I refer to the model above as a multivariate probit model with partial observability or, for short, the partial m-probit. Multi- or $k$-variate probit models are usually employed to allow for correlated choices by estimating the correlation matrix from the data. Similar to the selection model for continuous outcomes popularized by Heckman (Reference Heckman1976), bivariate probit models as selection models, for instance, allow for correlated error terms across a sample selection and a structural equation with binary outcomes (Dubin and Rivers, Reference Dubin and Rivers1989). The problem addressed by the partial m-probit is not one of correlated (sequential) choices but of the nonobservability of the simultaneous choices.

1.2 Likelihood and prior density

The probability of observing a decision is the sum over the probabilities of the vote profiles that could have realized it. The probability of each of these vote profiles is the product over the individual choice probabilities, which are—as in a probit model—a linear function of covariates and parameters. The product over all decision probabilities yields the likelihood of the data. Next, I define the probability of one vote profile and the sets of hypothetical vote profiles that can realize a particular decision outcome. Using these two definitions, I state the likelihood of the data.

Using the assumption of independent choice making, the probability of observing a vote profile ${\bf y}_j$ is the product over the individual choice probabilities for proposal $j$ or, equivalently, integrating over the latent utility in each dimension on the interval that corresponds to the observed vote choice. Formally, this

(2)$$\eqalign{ f( {\bf y}_{\,j},\; {\bf X}_{\,j}\vert {\boldsymbol \beta}) & = \int_{\,p_{1j}} \ldots \int_{\,p_{Mj}} {\boldsymbol \phi}( {\bf y}_{\,j}^{\ast } \vert {\bf X}_{\,j} {\bi\beta}) d {\bf y}_{\,j}^{\ast } \cr & = {\boldsymbol \Phi}_{{\cal P}( {\bf y}_j) }( {\bf X}_j{\boldsymbol \beta}) ,\; }$$

where ${\boldsymbol \phi }( .)$ is the $M$-dimensional multivariate normal density and $p_{ij}$ is the interval that corresponds to the vote choice $y_{ij}$ in the profile ${\bf y}_j$, that is, $p_{ij} = [ 0,\; \infty )$ if $y_{ij} = 1$ and $p_{ij} = ( -\infty ,\; 0)$ if $y_{ij} = 0$. To write this more compactly, I define ${\cal P}( {\bf y}_j)$ as the function that generates all $p_{1j},\; \ldots ,\; p_{Mj}$ given ${\bf y}_j$ and let ${\boldsymbol \Phi }_{{\cal P}( {\bf y}_j) }({\cdot})$ be the implied distribution function.

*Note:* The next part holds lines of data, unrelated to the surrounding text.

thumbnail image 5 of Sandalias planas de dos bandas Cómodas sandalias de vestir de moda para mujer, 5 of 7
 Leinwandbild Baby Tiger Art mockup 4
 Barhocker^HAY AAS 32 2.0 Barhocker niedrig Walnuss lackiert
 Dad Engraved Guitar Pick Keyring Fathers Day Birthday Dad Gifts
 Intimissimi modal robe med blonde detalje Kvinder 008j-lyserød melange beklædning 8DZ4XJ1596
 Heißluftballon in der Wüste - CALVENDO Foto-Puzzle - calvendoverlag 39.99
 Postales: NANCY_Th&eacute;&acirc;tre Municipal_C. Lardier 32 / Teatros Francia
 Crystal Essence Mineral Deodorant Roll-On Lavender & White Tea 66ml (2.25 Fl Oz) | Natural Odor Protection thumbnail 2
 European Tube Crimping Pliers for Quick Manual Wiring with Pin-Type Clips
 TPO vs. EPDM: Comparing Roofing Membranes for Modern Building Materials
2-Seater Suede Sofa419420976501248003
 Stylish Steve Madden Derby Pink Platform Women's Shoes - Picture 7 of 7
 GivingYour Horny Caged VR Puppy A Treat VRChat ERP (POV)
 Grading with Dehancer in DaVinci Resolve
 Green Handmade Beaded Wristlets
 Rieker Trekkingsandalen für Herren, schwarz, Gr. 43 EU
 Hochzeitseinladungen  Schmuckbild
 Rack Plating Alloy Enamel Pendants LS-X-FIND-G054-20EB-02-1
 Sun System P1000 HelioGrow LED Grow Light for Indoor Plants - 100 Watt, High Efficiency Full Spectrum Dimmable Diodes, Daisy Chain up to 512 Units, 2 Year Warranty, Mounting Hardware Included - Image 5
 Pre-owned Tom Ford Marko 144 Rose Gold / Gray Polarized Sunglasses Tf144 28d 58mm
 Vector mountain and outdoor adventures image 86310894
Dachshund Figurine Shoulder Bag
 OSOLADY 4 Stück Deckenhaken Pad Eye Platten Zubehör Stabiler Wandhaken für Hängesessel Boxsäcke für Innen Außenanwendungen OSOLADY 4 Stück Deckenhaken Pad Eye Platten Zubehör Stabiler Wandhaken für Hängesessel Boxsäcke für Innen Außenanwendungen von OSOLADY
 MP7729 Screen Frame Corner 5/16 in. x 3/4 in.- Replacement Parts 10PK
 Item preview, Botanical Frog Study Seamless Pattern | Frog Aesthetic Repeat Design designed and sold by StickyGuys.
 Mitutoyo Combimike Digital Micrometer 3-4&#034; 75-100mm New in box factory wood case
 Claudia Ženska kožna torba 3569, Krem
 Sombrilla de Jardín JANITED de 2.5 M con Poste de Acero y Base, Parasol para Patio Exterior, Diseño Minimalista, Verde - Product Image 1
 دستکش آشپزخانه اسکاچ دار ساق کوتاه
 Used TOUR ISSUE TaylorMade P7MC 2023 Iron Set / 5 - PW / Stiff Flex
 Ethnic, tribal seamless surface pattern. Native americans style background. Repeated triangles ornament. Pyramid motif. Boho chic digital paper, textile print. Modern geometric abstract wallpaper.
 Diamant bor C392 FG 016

Let $\tilde {{\bf y}}$ be a hypothetical vote profile and let $V( 1)$ be the set of all hypothetical vote profiles for which $\sum _i \tilde {y}_i \geq {\cal R}$ holds. In other words, this set contains all vote profiles that realize an adoption outcome ($b_j = 1$). Let $V( 0)$ be the complement set. Both sets are always finite but potentially large. For example, in the case of the UN Security Council, $V( 1)$ is of size 848 and $V( 0)$ of size 31,920.Footnote ⁶

Using these two definitions, I can write the probability for $b_j = 1$ (and its complement) as the sum over the probabilities for all hypothetical vote profiles that can realize $b_j = 1$ ($b_j = 0$) and, after additionally relying on the conditional independence assumption across proposals, the likelihood is obtained by taking the product over all decisions. Formally, this is

(3)$$\eqalign{ {\cal L}( {\boldsymbol \beta}\vert {\bf X},\; {\bf b}) & = \prod_j \sum_{\tilde{{\bf y}} \in V( b_j) } \bigg[ {\bi\Phi}_{{\cal P}( \tilde{{\bf y}}) }( {\bf X}_j{\bi\beta}) \bigg] . }$$

Bayesian inference complements the likelihood with a prior density for the parameters (the coefficients). I follow convention and assume that they are jointly normal with a prior mean ${\bf b}_0$ and a diagonal covariance matrix ${\bf B}_0$. The posterior density is proportional to the product of the likelihood function in Equation 3 and to the prior density.

The structure of the likelihood function is surprisingly general and can accommodate much more specific decision records than those with binary adoption/rejection information. Suppose, for example, that, in addition to knowing that the proposal passed, an analyst also knows that it passed with some vote margin. In this case, the set of permissible vote profiles $V$ in Equation 3 can be substantially reduced. In fact, if the analyst knows how each and every member voted, that is, if there is a voting record, then $V$ shrinks to a set with a single vote profile. In this case, Equation 3 reduces to a multivariate probit model, which is, since the covariance matrix is assumed to be the identity matrix, an ordinary probit model with $J \times M$ observations. There is also nothing in the structure of the likelihood that precludes the amount of information from varying across decisions. This implies that a partially observed voting record can be accommodated within the likelihood function without difficulty or formal extensions.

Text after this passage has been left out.